Ricardo Gómez Diez - Mar, 30/08/2016 - 09:12
La semana pasada un suceso horrible llevó a la primera página de los periódicos al país más joven del mundo: Sudán del Sur. En medio de otra de las guerras olvidadas que asolan el globo, un grupo de cooperantes refugiados en un hotel de la capital fue asaltado y, con especial saña, las mujeres fueron violadas en grupo por los soldados del presidente del país.
Sudán del Sur se independizó de Sudán el 9 de julio de 2011 y los señores de la guerra que habían liderado la independencia llegaron a un acuerdo precario para repartirse el poder. Apenas dos años después, los enfrentamientos étnicos y el ansia por controlar las enormes reservas de petróleo del país estallaron en una cruenta guerra civil que se prolonga hasta hoy.
El motivo de análisis de esta reflexión no es el conflicto como tal, sino la extrema crueldad del desarrollo de las hostilidades y sus implicaciones en relación con el Derecho Internacional Humanitario (DIH). Las agresiones a las cooperantes, por desgracia, no son un hecho aislado y se inscriben en un contexto habitual de violencia sexual sistemática utilizada como arma de guerra.
En marzo de 2016, el Alto Comisariado de Naciones Unidas para los Derechos Humanos elaboró un informe pavoroso que documenta miles de casos de violaciones a mujeres y niños, esclavitud sexual y prostitución forzada acaecidos en 2015. Considera probada una estrategia de empleo de violencia sexual, afirmando que está probado que los grupos armados que apoyan al Gobierno, en vez de salarios, reciben mujeres y niños en pago de sus servicios.
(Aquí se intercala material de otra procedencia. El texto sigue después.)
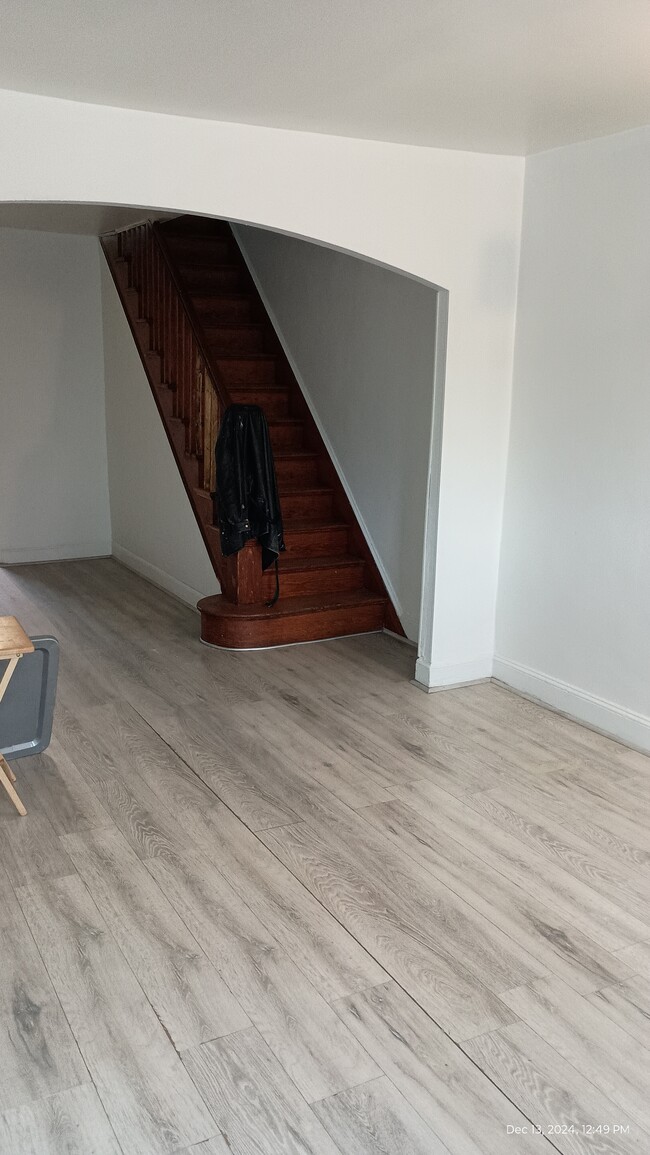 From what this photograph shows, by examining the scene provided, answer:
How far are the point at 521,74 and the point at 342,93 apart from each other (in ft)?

La violencia sexual y la guerra han caminado de la mano desde los primeros conflictos de la humanidad. El rapto de las sabinas por los romanos, supuestamente hacia el 753 a. C., es uno de los mitos más conocidos en la fundación de Roma y trivializa la práctica del robo de mujeres y la violación, edulcorados con un final feliz con matrimonio entre raptores y víctimas.
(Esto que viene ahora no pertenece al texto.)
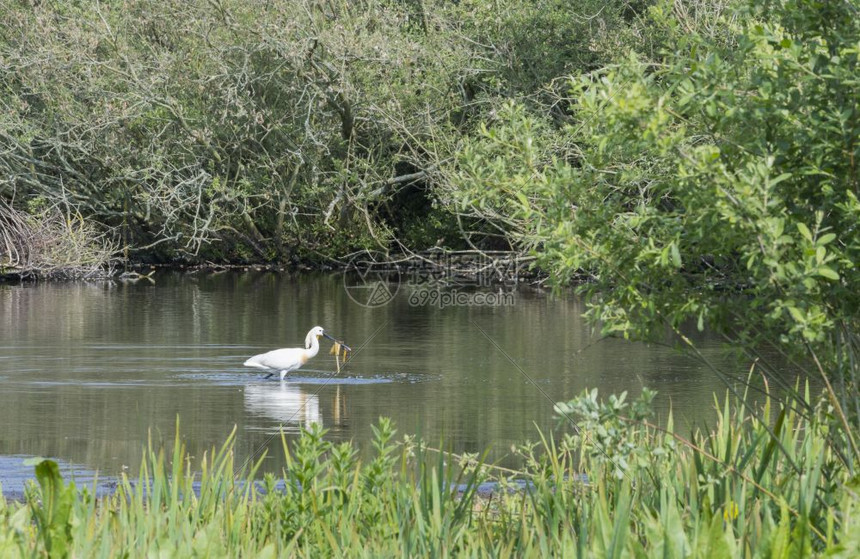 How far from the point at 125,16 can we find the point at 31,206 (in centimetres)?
562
Tras la leyenda, la realidad es mucho más oscura y violenta y, a medida que los conflictos armados se han ensañado con la población civil, este tipo de delitos se ha convertido en parte esencial del catálogo de las consecuencias de la guerra. Solo en el siglo XX, en la Segunda Guerra Mundial, Vietnam, el Congo, el conflicto de los Balcanes, Ruanda…, la violencia sexual ha sido parte principal del catálogo de consecuencias de la guerra.
Aunque es casi imposible dar cifras contrastadas, durante la II Guerra Mundial, se estima que hubo más de un millón de víctimas de violaciones, esclavitud sexual y prostitución forzada. La red de prostíbulos creada por los nazis y la invasión de la URSS, la ocupación japonesa de países vecinos y sus «mujeres de confort» y el avance de los aliados (especialmente los rusos, pero también americanos, ingleses y franceses) hacia Berlín presentan un museo del horror que, en muchos casos, se ha visto sepultado por décadas de silencio, olvido e impunidad.
Desafortunadamente, el DIH todavía está desarrollándose y perfilando sus contenidos. Además, la violencia contra las mujeres y calificación jurídica en el derecho interno ha tenido su propia evolución desde concepciones patriarcales, que la perseguían como un ataque a la moral, el pudor o las relaciones familiares y no como una agresión a la libertad sexual de la mujer.
De esta forma, siendo el DIH una especialidad muy joven en el Derecho Internacional Público, la inclusión de la violencia sexual entre los delitos perseguibles dentro de los crímenes de guerra o el crimen de lesa humanidad es aún más reciente y podemos decir que todavía es necesario avanzar en su persecución internacional y en la protección a las víctimas, como analizaremos en otra entrada en el blog.